When I visited Arundel castle gardens earlier in the year, they were still in the process of designing their brand new stumpery garden. At face value, it looked bleak, somewhat desolate and had a feel of a haunted graveyard rather than a stylised garden.
Of course, other than the upturned tree stumps - impressive as they were - the ground was bare, and only a fool would judge an incomplete design.
Fully stocked with a range of herbaceous plants, the planting scheme had completely changed the character of the stumpery garden, giving it a peaceful, mystical feel.
The colour palette was kept muted across the display and so the eyes were not distracted away from the overall fantasy. It would have been tempting to add splashes of colour, but this would have drawn away from the overall impact. That being said, rather than being the main attraction, the upturned stumps had now become a wonderful backdrop worthy of a such a fanciful design.

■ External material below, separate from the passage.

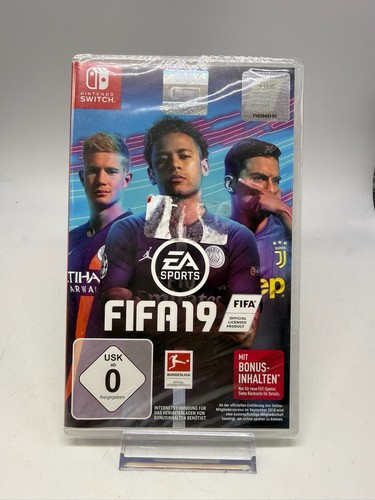 Fifa nintendo switch spiel - fifa,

Well done to the gardeners.
So, just what is a stumpery?
A stumpery traditionally consists of tree stumps arranged upside-down or on their sides to show the root structure
The first stumpery was built in 1856 at Biddulph Grange and they remained popular in Victorian Britain.
The pieces are arranged artistically and plants, typically ferns, mosses and lichens are encouraged to grow around or on them.
One of the most famous modern stumpery is found at Highgrove House, Gloucestershire. This is the home of Prince Charles, and is considered to be the largest stumpery in Britain. The Prince built the stumpery from sweet chestnut roots, held in place by steel bars, when he first purchased the estate in 1980, and it now provides a home for organically grown ferns, hellebores and hostas.
Understandably, stumperies can sometimes be mistaken for garden rubbish. When Prince Philip first saw his son's stumpery, he remarked: "When are you going to set fire to this lot?".